Expanding a Kafka cluster is pretty straight forward. However, one particular step can be fraught with danger when adding brokers to a 0.10.0 or earlier cluster: running the partition reassignment script. The danger involved in this step stems from the fact that in Kafka versions 0.10.0 or earlier, the replication process “will use all available resources to replicate as fast as possible” (KAFKA-1464). In other words, as soon as you kick off the partition reassignment script, your network could be saturated with replication traffic. The implications of this are far-reaching, and we will discuss this in detail below.

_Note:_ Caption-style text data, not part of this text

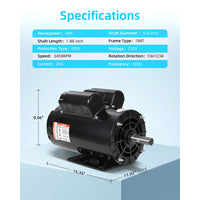 Garvee 5HP Air Compressor Motor 56C Frame Dual Rotation Steel Shell 230V for Pumps & Machinery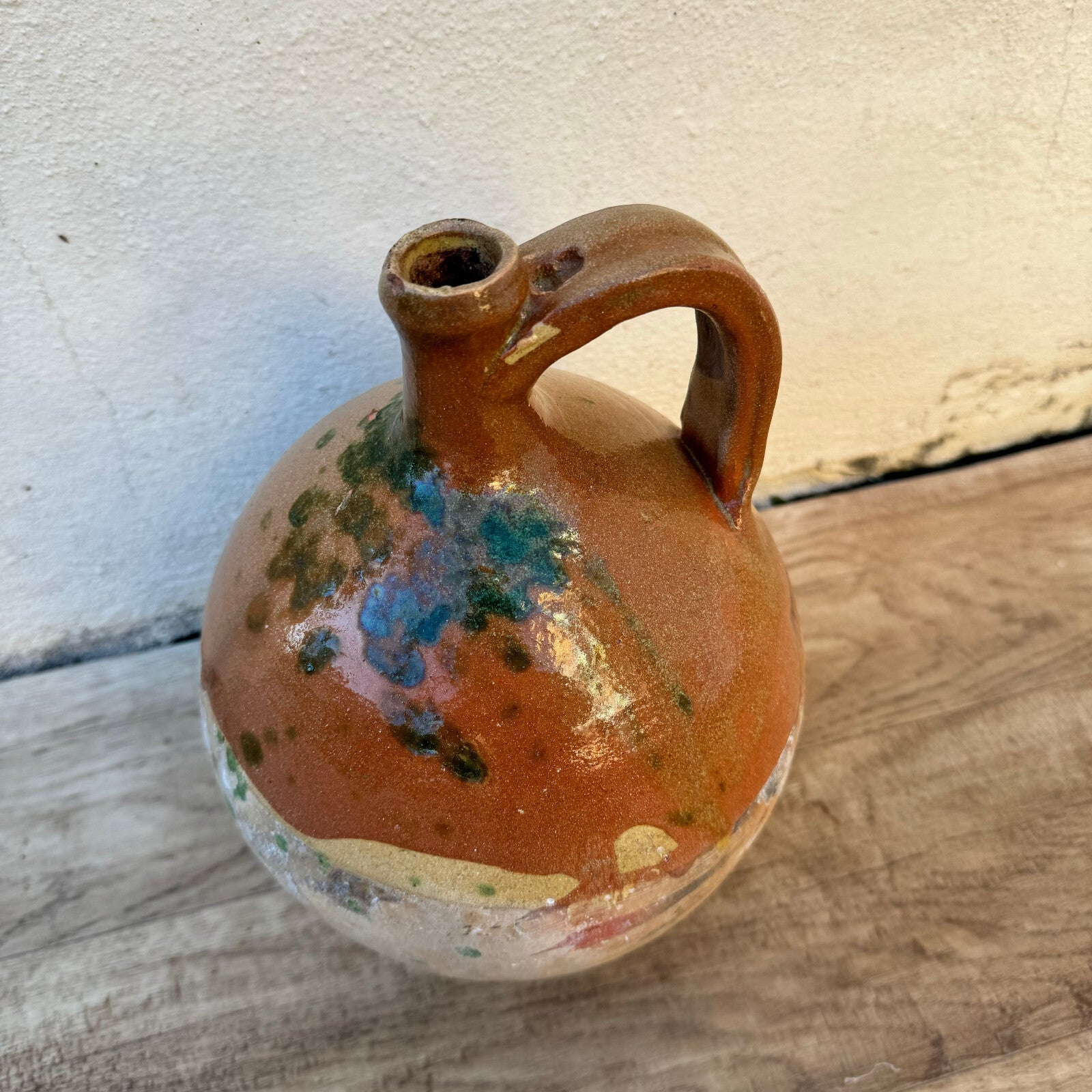 French Pottery Jug Vintage Terracotta Ceramic Pitcher Handle 24102310 Unmarked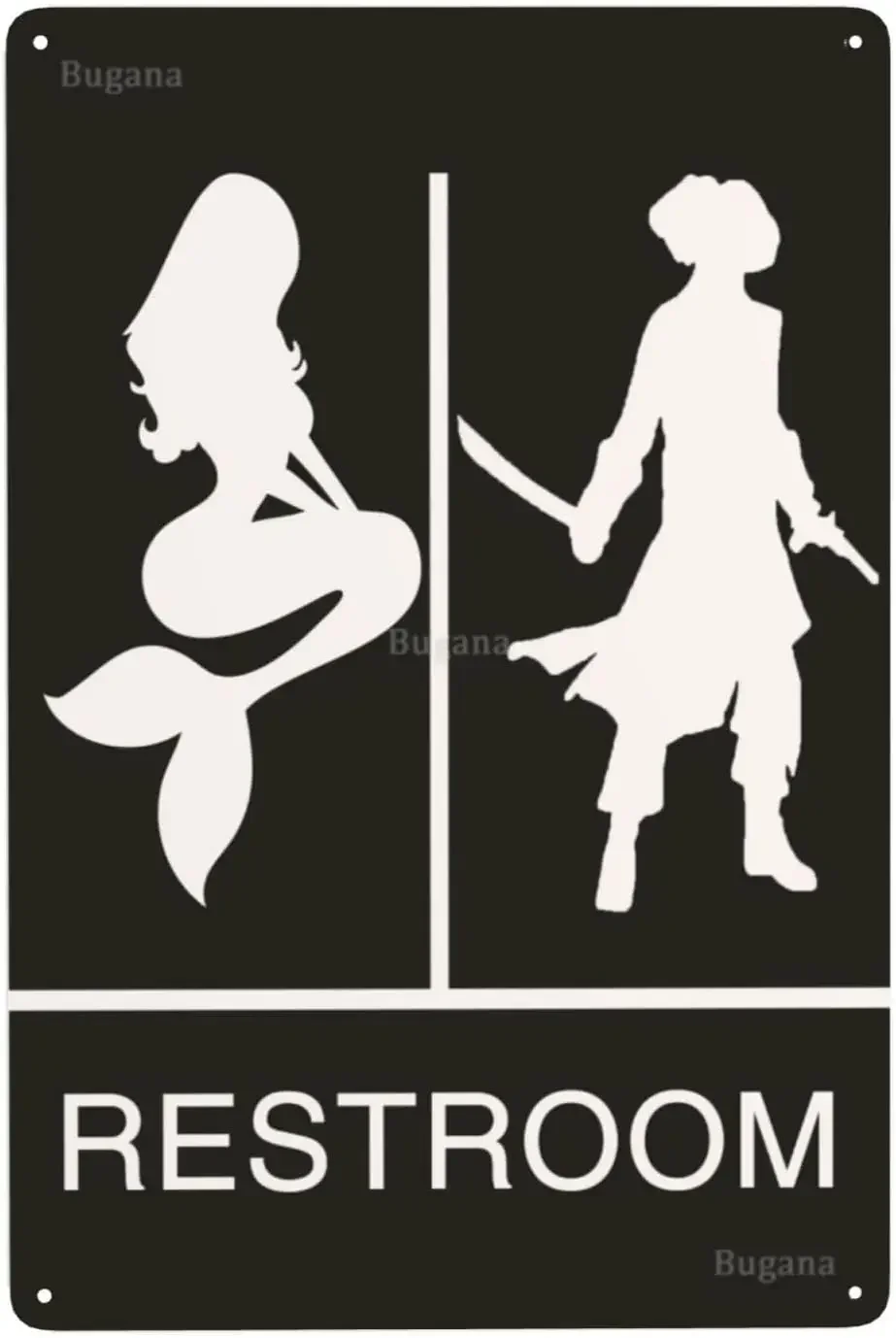 マーメイドパイレーツトイレヴィンテージメタルサイン、レトロで - Home Bathroom Door Signs のレビューと価格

Note: The above issue was actually fixed in version 0.10.1, so if you are using that 0.10.1 or later, simply run the partition reassignments with the throttle
flag when running the partition reassignments. If you are stuck with 0.10.0 or earlier brokers, keep reading.
As I mentioned above, the primary thing to be concerned about is saturating the network with replication traffic. When this happens, any existing producers or consumers you have runnning against the cluster may receive metadata timeouts since communication with the brokers will suffer.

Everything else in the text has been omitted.